Show all lines from the records below in which the string "with" is present.

START Recorded data

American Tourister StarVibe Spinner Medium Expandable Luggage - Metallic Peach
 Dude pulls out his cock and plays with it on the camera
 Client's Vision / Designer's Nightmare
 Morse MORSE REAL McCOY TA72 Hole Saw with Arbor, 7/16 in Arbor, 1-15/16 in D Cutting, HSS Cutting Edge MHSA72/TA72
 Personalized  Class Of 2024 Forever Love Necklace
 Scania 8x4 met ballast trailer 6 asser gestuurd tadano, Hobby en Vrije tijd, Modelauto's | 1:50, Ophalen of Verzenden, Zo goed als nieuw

END Recorded data

* _Finished exercise_:
 Dude pulls out his cock and plays with it on the camera
 Morse MORSE REAL McCOY TA72 Hole Saw with Arbor, 7/16 in Arbor, 1-15/16 in D Cutting, HSS Cutting Edge MHSA72/TA72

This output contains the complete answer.